Sonic Cinema

Sounds, Visions and Insights by Brian Skutle

The Virtues (TV)

Grade : A Year : 2020 Director : Shane Meadows Running Time : 3hr 29min Genre : ,
Movie review score
A

The past is something we all have to reckon with. Whether an internal force or an external force, it is something always working on us. Joseph is about to find that out the hard way in Shane Meadows’s excellent miniseries, “The Virtues.”

The first three episodes of the series starts with Joseph, played by the fantastic Stephen Graham, walking through life. Each time, his focus is more and more purposeful, his destination more clear. Joseph is an alcoholic, and when we first meet him, he is going to his ex-wife’s house for dinner with her family, including their son together. He is going to be told that they are moving to Australia, and taking his son with him. That sends him spiraling, and he goes out, gets blackout drunk, and we see him the next morning, on his apartment floor, covered in his own vomit. Something needs to change, and he’s starting to have flashes back to his youth. He packs a bag, withdraws all of his money, and heads to Ireland.

“The Virtues” starts out focusing on Joseph, and it is primarily his story, but another key figure comes to bear in Dinah (Niamh Algar). Dinah is Joseph’s sister-in-law by way of his sister’s husband. In episode 2, Joseph is walking Ireland, finding his sister, Anna’s, home with her family. It’s quite a surprise for Anna (Helen Behan), because she thought he was dead. When they were children, they were separated, and Joseph was sent to a boy’s home, which he escaped from shortly after. This is the first time they’ve seen each other in over 30 years. Shortly after Joseph arrives, Dinah arrives, as well, and they’re both crashing at Anna’s house. As her and Joseph begin to talk, we find out that she is in a similar situation, with a son she is unable to see, and it’s led to some turmoil over the years. In the final two episodes of the series, Joseph and Dinah will go on their own separate journeys when it comes to their past, leading them to moments that will shape their future moving forward.
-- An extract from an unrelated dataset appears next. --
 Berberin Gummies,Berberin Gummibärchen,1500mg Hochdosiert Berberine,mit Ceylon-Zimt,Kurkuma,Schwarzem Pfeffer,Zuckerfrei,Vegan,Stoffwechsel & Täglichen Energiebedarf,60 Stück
Meadows has perfectly calibrated every emotional beat, and we are with the series every step of the way. The scene where Joseph is told about the move to Australia is perfectly written and acted, and the final scene he and his son have, where he is talking to him alone, is a heartbreaking one. He knows this is going to change their relationship, and he tells his son something that makes that clear. There is pain and desperation for a connection from Graham’s performance that is palpable and powerful, and everything that happens after builds off of that pain.

As dark as the series can be, there are moments in the middle episodes that are entertaining in how they play out, even if, beneath the surface, that pain and desperation remains. There’s the way the scene around the dinner table, where Anna is introducing Joseph to her family, starts off considerate and gets awkward as the kids begin asking questions that are too heavy at the moment. (Dinah’s reaction is also a great one, and perfectly defines her character immediately.) When Joseph gets drunk after visiting some old haunts, including the boy’s school he ran away from, the car ride after Anna and Dinah pick him up has some very funny moments in how Anna and Dinah deal with him. The laughs are not comedic laughs, though, but ones that keep a lump in your throat.

Meadows and his co-writer, Jack Thorne, parse the information about Joseph’s past out throughout the four episodes of the series, but it’s not a narrative trick to sustain the mystery; it’s so that we are in Joseph’s perspective the entire time. He is rediscovering these facts as he goes along, and when he finally reaches truth about what happened to him, it’s deeply upsetting in how it happens, and devastating as it leads him down a dangerous path in the last episode. By that point, Dinah is not only an important part of his story, but we also see her reckoning with her past, as well. Her journey leads her to a similar place Joseph’s leads his, face-to-face with people in power whose actions shaped their reality. Watching them face those people, and where it leads them, is riveting, and leads us to an ending that feels inevitable for both characters. How we react to the past coming back to meet us will inform where we go from there. “The Virtues” shows that is not always the place we hope to go, or expect it to take us.